Media stocks are under pressure, should you be buying into this fall?

Media stocks have been on the nose recently, with all 9 names in the space falling a considerable amount. Has this created value in the space?

Today, the 9 listed media stocks will fall to 8 following the merger of Farifax (ASX: FXJ) and Nine Entertainment (ASX: NEC).

1 Newscorp (ASX: NWS) $18.56

Market stalwart NWS has been the best of the bad bunch over recent months and has actually outperformed the index over the last 5-days. The stock spiked up towards $20 earlier this month following the release its quarterly earnings. The analysts reaction was mixed which has been reflected in the stocks choppy price action.

NWS owns ~61% of REA Group (ASX:REA) which we will look at later, and speculation has been circulating that they may enter into a minor commercial advertising agreement with SWM in part response to Nine’s takeover of Fairfax which gained approval in the Federal Court earlier this week i.e. the corporate wheel in this sector keeps turning.

Newscorp (ASX: NWS) Chart

2 Carsales.com (ASX: CAR) $12.25

CAR has clearly found some support around $11 but technically we can still see sub $10 – MM has been bearish CAR for most of 2018. The second hand car market has been weakening alongside the local housing market, although not to the same degree at this stage.
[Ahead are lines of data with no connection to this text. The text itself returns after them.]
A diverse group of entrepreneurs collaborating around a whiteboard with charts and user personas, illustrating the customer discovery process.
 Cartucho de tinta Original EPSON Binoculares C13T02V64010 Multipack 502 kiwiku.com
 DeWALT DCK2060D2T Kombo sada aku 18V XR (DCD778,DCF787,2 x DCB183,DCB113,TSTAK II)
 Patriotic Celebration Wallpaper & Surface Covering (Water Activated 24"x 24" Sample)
We covered the sector in an income report a few weeks ago (click here).  Automotive Holdings (ASX: AHG) has been a standout casualty with the stock halving in 2018.

Carsales.com (ASX: CAR) Chart

3 Nine Entertainment (ASX: NEC) $1.73

NEC has tumbled 41% in 2018 being pulled lower by its proposed takeover / merger partner Fairfax which has witnessed a collapse to a 52-week low. Thinking about the Nine (post Fairfax takeover) their main growth assets are Stan and Domain Holdings (ASX: DHG), which Fairfax holds nearly 60% of after spinning out the rest on late 2017.

Unfortunately for NEC, Domain’s performance has been disappointing since listing, with the shares hitting a record low of $2.29 earlier this month. They closed on their first day of trading at $3.69

Nine Entertainment (ASX: NEC) Chart

4 REA Group (ASX: REA) $75

REA Group which is better known as realestate.com.au to most of us recently posted 17% revenue growth for Q1 of this financial year.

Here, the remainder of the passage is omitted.